**RECORDS FOR PROCESSING**
<<<<

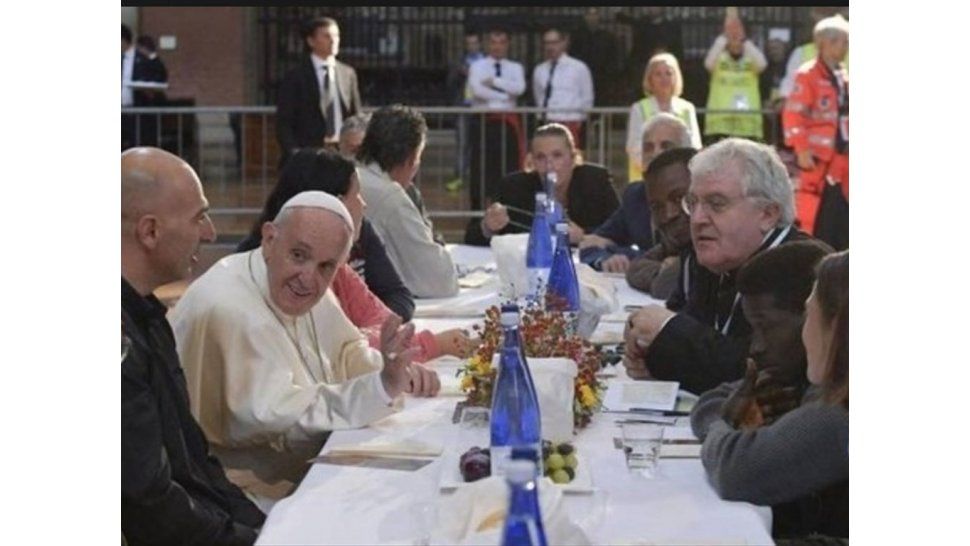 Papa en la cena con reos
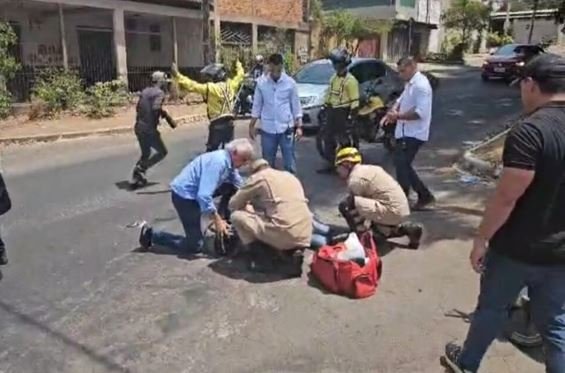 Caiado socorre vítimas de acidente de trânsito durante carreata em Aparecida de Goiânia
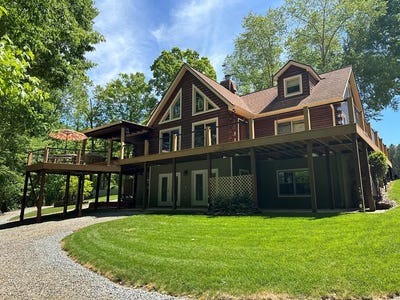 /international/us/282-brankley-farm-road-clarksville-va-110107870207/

>>>>
<<<<

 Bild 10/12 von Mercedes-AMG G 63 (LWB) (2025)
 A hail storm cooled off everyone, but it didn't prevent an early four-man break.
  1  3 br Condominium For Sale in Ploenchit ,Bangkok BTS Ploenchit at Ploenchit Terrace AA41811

>>>>
<<<<

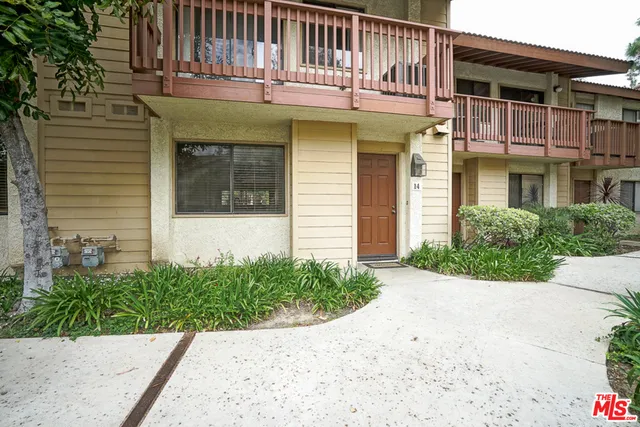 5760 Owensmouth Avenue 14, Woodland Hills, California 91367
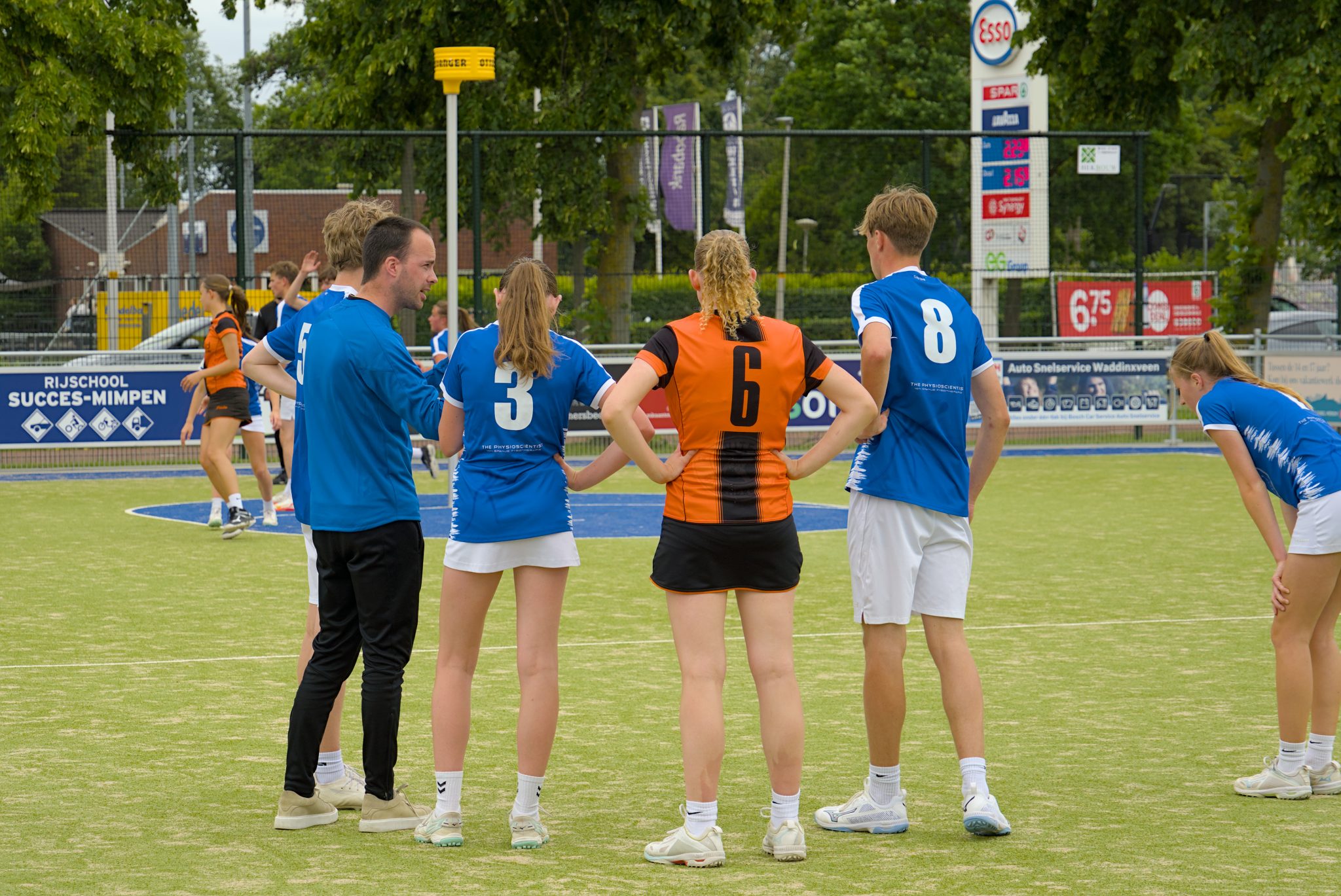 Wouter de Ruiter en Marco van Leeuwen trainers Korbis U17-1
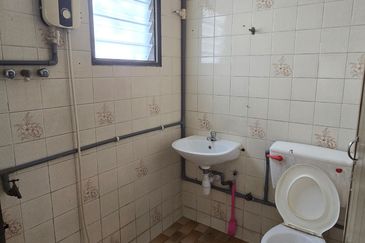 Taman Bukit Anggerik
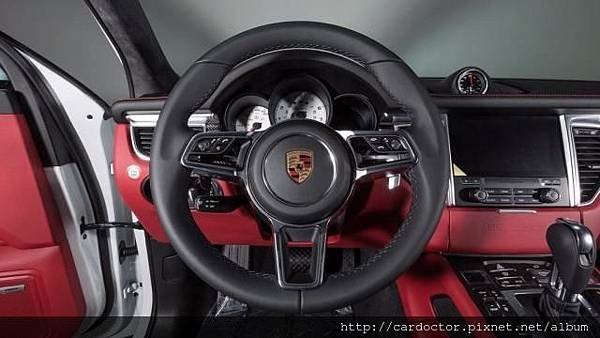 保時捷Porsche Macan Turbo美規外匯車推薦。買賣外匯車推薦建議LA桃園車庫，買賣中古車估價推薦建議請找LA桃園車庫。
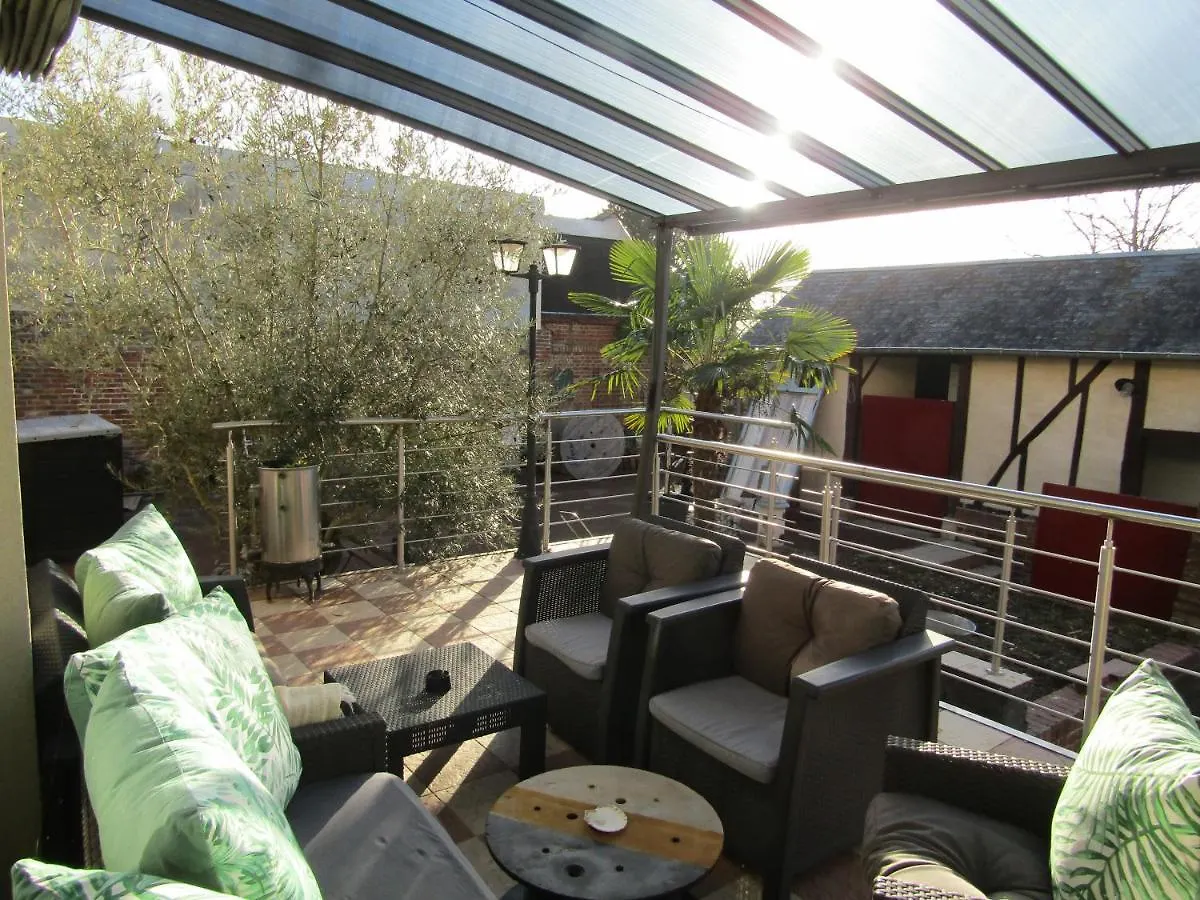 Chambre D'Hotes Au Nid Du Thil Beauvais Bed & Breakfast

>>>>

**THE PROBLEM**
The required output is every line above from the one with "A hail storm" down to the one with "Ploenchit Terrace AA41811", restated word for word, ends included.

**RESULT OF THE TASK**
 A hail storm cooled off everyone, but it didn't prevent an early four-man break.
  1  3 br Condominium For Sale in Ploenchit ,Bangkok BTS Ploenchit at Ploenchit Terrace AA41811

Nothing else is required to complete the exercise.